E’ ormai da molti mesi che a sinistra va crescendo la convinzione che sia necessario una fase di forte riflessione critica da parte di tutti i componenti: fallimenti come quelli evidenziati non solo dalle perdite elettorali, ma anche dagli abbandoni degli iscritti, sembrano abbiano convinto in maniera diffusa a percorrere una fase non breve e non convenzionale di ricostruzione di una forza di sinistra.
Per ora questa convinzione sembra molto diffusa, ma non tale da comprendere le necessarie e condivise premesse di questa ricostruzione: ormai le differenzazioni colpiscono anche gruppi che si ritenevano sufficientemente omogenei: anche l’abbinata Renzi-Gentiloni sembra non essere più tale.
Tutto questo evidenzia la dimensione di una crisi che mette in discussione le ragioni d’essere di una unità politica, quella del PD, incominciando dalle origini.
Per la verità una crisi di tali dimensioni non deve meravigliare (come non dovrà meravigliare crisi analoghe di strutture politiche attualmente di successo). L’origine del PD nasce da un equivoco e da un errore, cioè dal fatto che la caduta del muro di Berlino avrebbe potuto aprire le porte all’attuazione del compromesso storico di berlingueriana memoria, anche se Berlinguer era, purtroppo scomparso, e i comunisti, come tali, erano felicemente traghettati al liberal-democratico, il partito socialista aveva fatto il possibile per rendersi impresentabile e l’alternativa socialista di Riccardo Lombardi era opportuno che rimanesse tra i ricordi. In un quadro del genere che ci fosse la classe dirigente dell’ex PCI disposta a fondersi con la classe dirigente della ex Dc non deve meravigliare, ma solo rendere evidente come questi limiti e questi compromessi – sinteticamente ricordati – non potevano reggere la vita e la funzionalità di un presunto partito progressista capace di gestire un paese civile nel nuovo millennio.

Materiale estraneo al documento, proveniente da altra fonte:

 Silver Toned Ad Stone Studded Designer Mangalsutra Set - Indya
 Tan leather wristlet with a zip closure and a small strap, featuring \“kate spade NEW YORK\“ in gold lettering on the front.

Questo percorso critico appare ora come un concentrato di approssimazioni e richiederà un grande impegno per essere superato, anche perché al momento non molti appaiono i dirigenti politici in grado di condurre credibilmente questa operazione.
Nel frattempo sarà opportuno evitare l’errore di un’attesa del compimento di quel percorso perché è del tutto evidente la necessità di elaborare una moderna proposta politica per un governo socialista. I ritardi accumulati non riguardano, infatti, solo le alleanze politiche ma, soprattutto, l’elaborazione di una progetto che dovrà porre la presenza dell’Europa come faro dell’occidente e della Pace, affrontare in sede scientifica le soluzioni delle grandi questioni ambientali nonché il potenziale di sviluppo offerto da quelle conoscenze, essere autore di un Piano Marshall per l’Africa, di una trasformazione del lavoro come momento di attuazione della vita sociale del singolo. Dunque un nuovo partito capace di esprimere l’adesione ai valori della libertà e dell’eguaglianza e di verificare le sue elaborazioni programmatiche con riferimento a quei valori.